与这一带的大楼、裙楼别无二致,麦加利银行楼内也集聚着多家英资公司,弥漫着浓郁的殖民气氛。进出此地的资方代理和华籍雇员,也是西服革履,属于特殊的“ 高等”华人阶层。这是上海开埠之后应运而生的新阶层。他们是洋商指令的接收与传达者,也是执行者。在洋人堆里谋生,如在缝隙中钻营,磨练出他们机敏、犀利、巧言善辩的特性。
江泽民同志面对的谈判方,英商全权代表戚惠昌,也是这样游走于外商和中国人之间的高级职员。戚惠昌是浙江宁波人氏,身材壮硕。他于1920年进入白礼氏皂烛公司,又随公司并入英商中国肥皂有限公司。当时,公司管理层一直都由英国人把持,事务所里设有七个部门,其中六个由伦敦总公司委派英国主管,唯有机构最庞大的营业部由戚惠昌负责。把产品销售的终端部门交给中国人,是英国人的精明所在。他们知道庞大的市场,辽阔的国土,靠几个说着外来语的洋人,再怎么奔波都难以把握,于是采取“以华治华”的策略。实践证明了这种本土化策略的可行性。正是靠着戚惠昌等人的卖命,英商中国肥皂公司在中国建立了遍布各省市的庞大销售网络。
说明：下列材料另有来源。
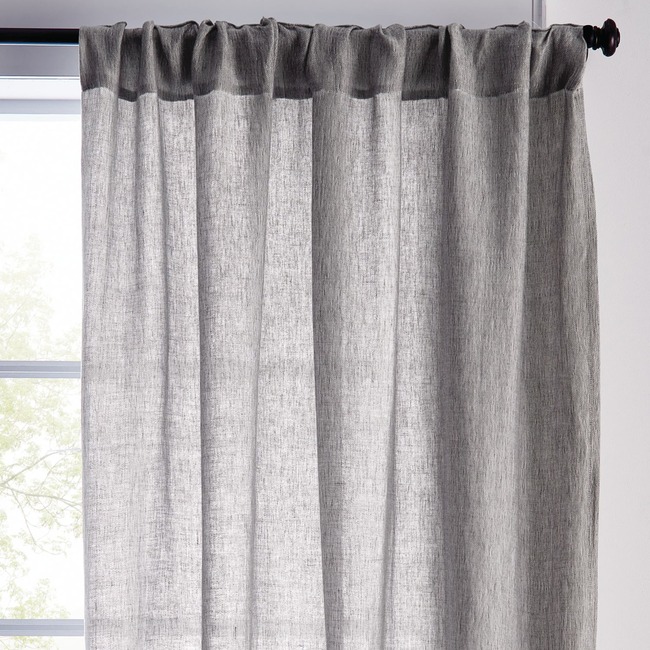 Vải Linen thường được dùng để làm rèm cửa với đa dạng màu sắc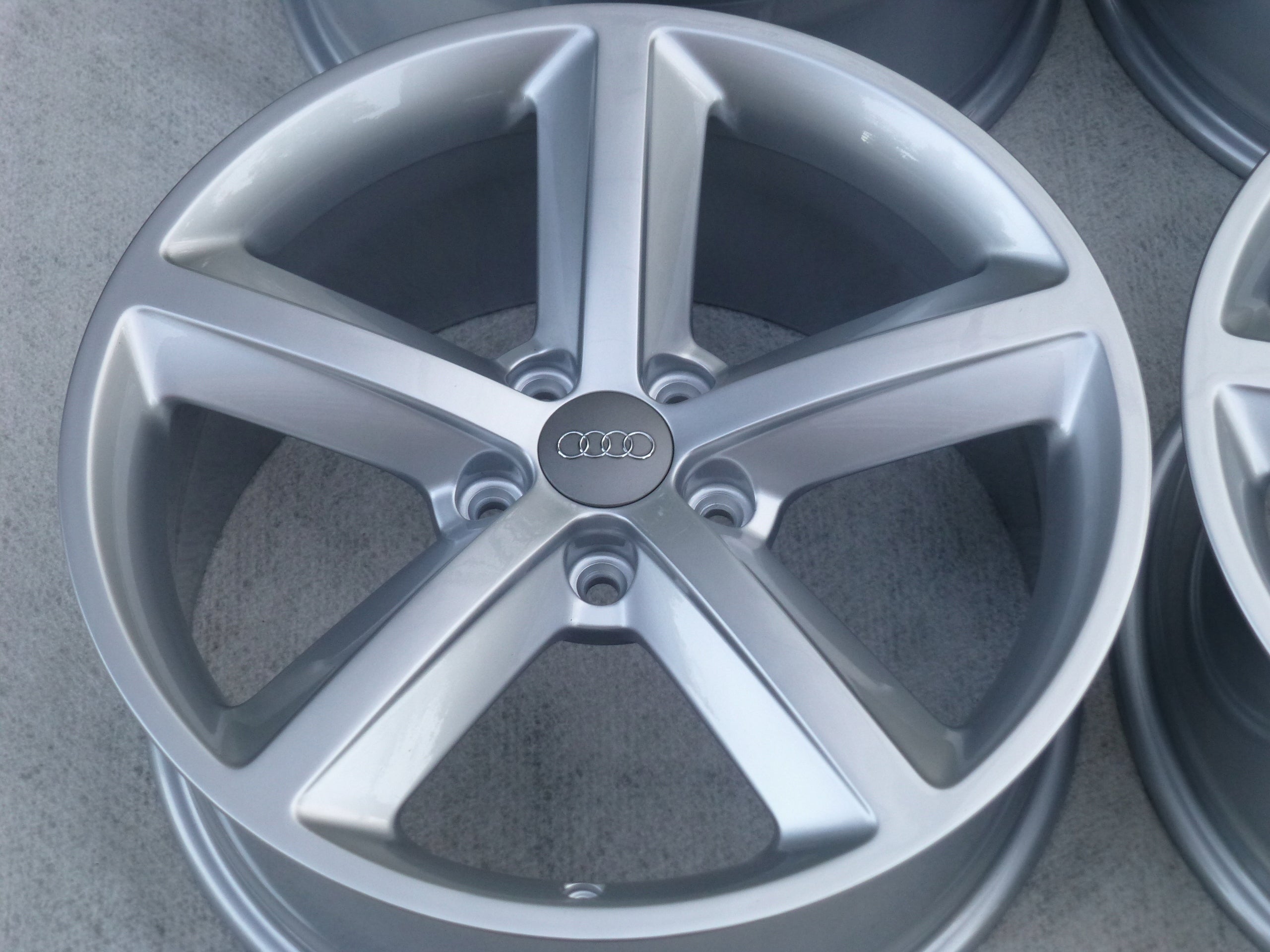 Alu Felge Audi A3 A4 A6 S4 Aluminum rim 18 Zoll 8.0J 5x112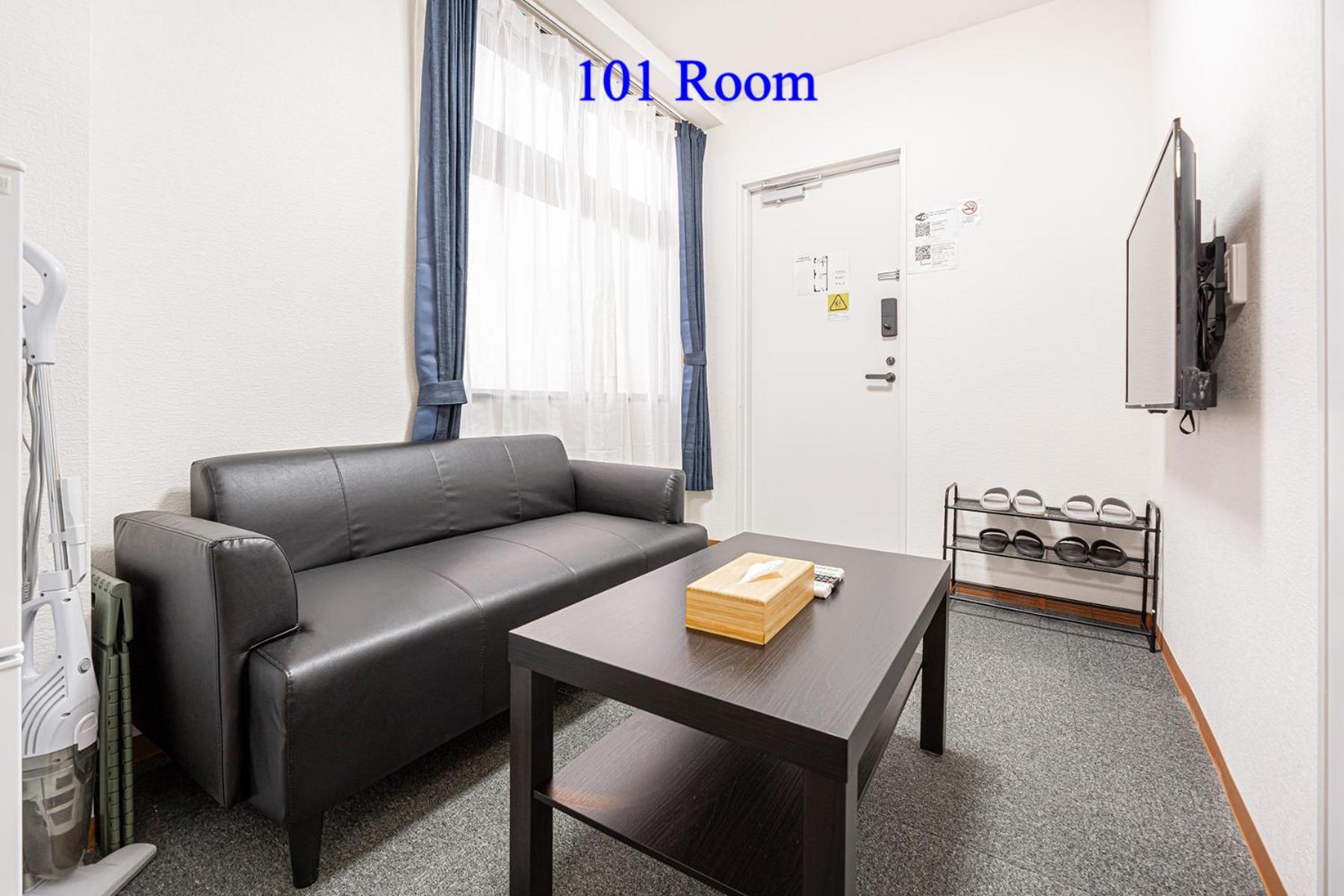 One-Bedroom Apartment photo 2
有位当时在苏州担任销售员的职工在回忆录中写道:“即使是辽远边境和穷乡僻壤,只要有人烟之处,务必配备足够的销售员,因此那时无论大小城镇还是荒僻所在,都有英商中国肥皂公司推销员的足迹,大小商店内也能看到他们五光十色的肥皂和化妆品。”据江泽民同志回忆,当时国内销售点有八十多处。
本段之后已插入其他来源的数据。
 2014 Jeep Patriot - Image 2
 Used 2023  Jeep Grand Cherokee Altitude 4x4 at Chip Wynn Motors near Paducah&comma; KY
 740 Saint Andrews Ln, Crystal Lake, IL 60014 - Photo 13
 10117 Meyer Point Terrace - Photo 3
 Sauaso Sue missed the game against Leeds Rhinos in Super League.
英国大班撤退后,任命戚惠昌为全权代表,把公司的谈判事务都交付给他处理。还有两名代理人陈鸿钧和郭锦虹,分别代行管理生产和经营业务。陈自1934年进入英商中国肥皂股份有限公司,后被提升为会计部主任。郭是1932年起在天津分公司任职,1948年被派收购油脂之差,是英国老板的亲信。三名英商代表都是企业的资深职员,对厂里的生产和业务相当熟悉。
江泽民同志进入肥皂厂接管小组后,就参与了和戚惠昌等英商代理的谈判。接管小组面对的是商海沉浮数十年、在华洋两界游刃有余的“老江湖”,这无疑是一场艰难的博弈。因为谈判对手的背后,是伦敦、香港,一个与新中国的气氛与主张迥然不同、格格不入的世界。
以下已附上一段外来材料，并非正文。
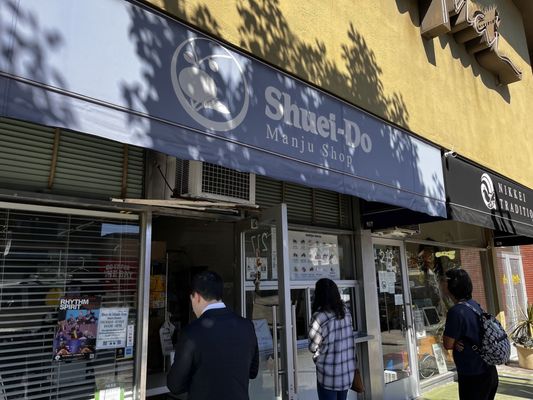 Shuei-Do Manju Shop by null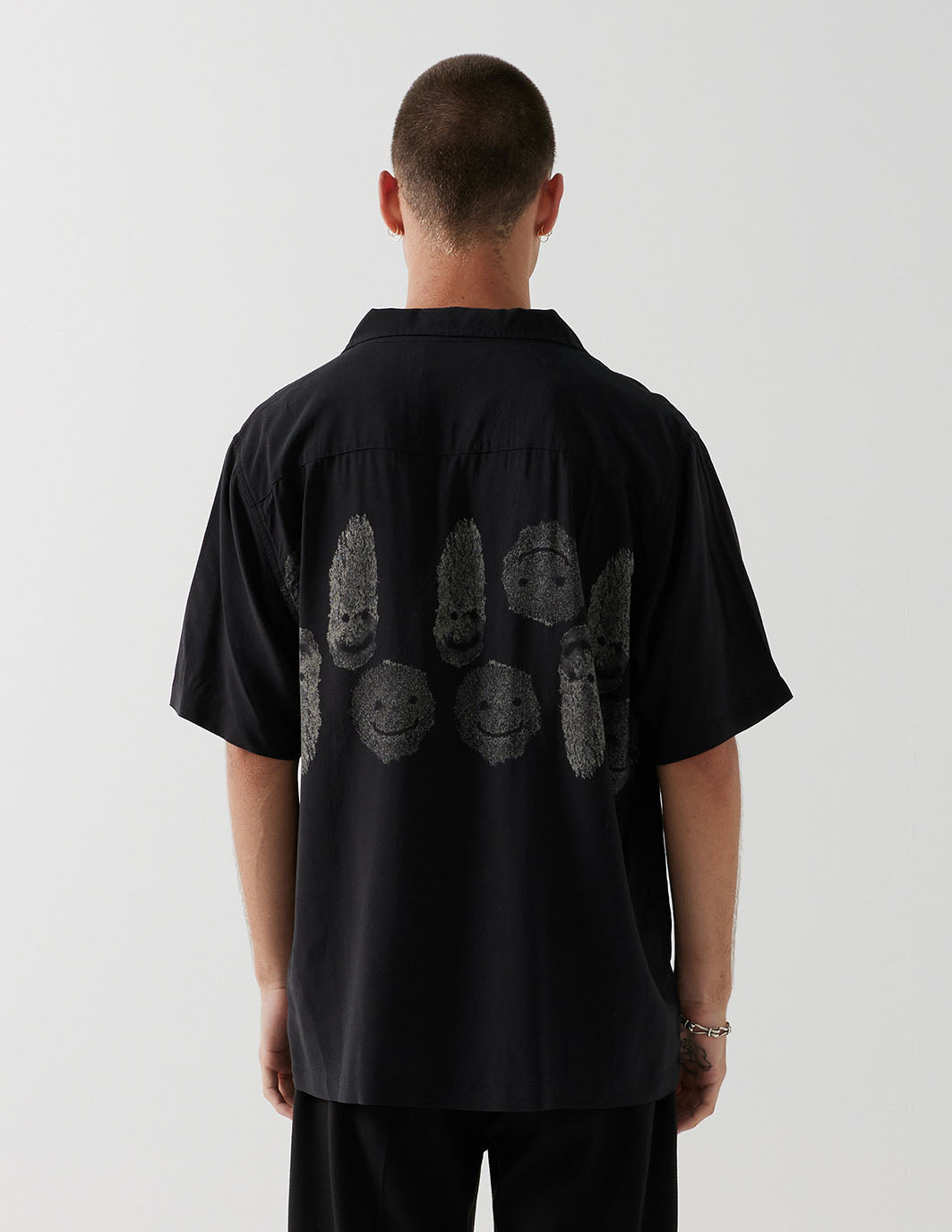 MENACE SS SHIRT | BLACK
1952年,英商中国肥皂公司办事处依然在麦加利大厦办公,从玻璃窗向外望去,江水滔滔依旧,黄浦江上时时飘过低沉的汽笛声。每隔半小时,与伦敦大本钟相似的那只海关大钟就鸣奏一次。戚惠昌在这里进出已有二十多年。英国人走后,他搬进了大班的办公室,乘着从前接送大班的雪莱特轿车。他熟悉楼里的人和事,深谙其中的运行规则,与这里的氛围有种自然贴切的默契。可以说,这里是他的“主场”。虽然他也知道英国人气数已尽,但由他出面收拾残局,扮演牵线木偶的角色,终究是一件尴尬事情。他本人对生产经营并无兴趣,职工们又怨声载道,对他甚为不满,认为这样搞下去工厂没有前途,毫无希望……身处矛盾焦点,戚惠昌就像热锅上的蚂蚁,度日如年。思前想后,为摆脱困境,他主动去要求外事处代为介绍,将企业出租、寻找加工订货或转让,以缓解生产经营危机……
共产党的接管干部就在这样的局势下,走进了麦加利银行大楼。
那年仲春,江泽民同志穿着人民装,走进了外滩18号。从边门进去坐电梯,上到英商中国肥皂公司。事务所占据了一整层楼面,十分气派。这里是整个英商中国肥皂公司和企业的总部,掌管着公司在华所有的供销业务及财务核算,位于杨树浦的庞大的肥皂厂,只是公司属下的一个生产单位。
肥皂公司事务所有一百一十五名员工。江泽民同志在营业部的大办公室里,与几十位职员一起办公。在这里,他感受到了与益民食品一厂完全不同的洋场气氛。他很清楚自己的使命所在,他在寻找与英商代理人之间的沟通方式。
对手开始彼此打量,在相互探究中过招。一个身材精干、略显清瘦的老革命军人,在英商大楼的打蜡地板上,照样卷着裤腿走路、办公,爽快的话语中带着浓重的南方口音。另一个则是身材颀长、戴着眼镜的共产党人,英姿勃发,而且如此年轻,他毕业于名牌大学,英语听说写读没有障碍……如果说,领衔挂帅的厂长还符合戚惠昌想象中以枪杆子打江山夺天下的共产党人形象,那么江泽民同志这样的对手是大出戚惠昌意料的。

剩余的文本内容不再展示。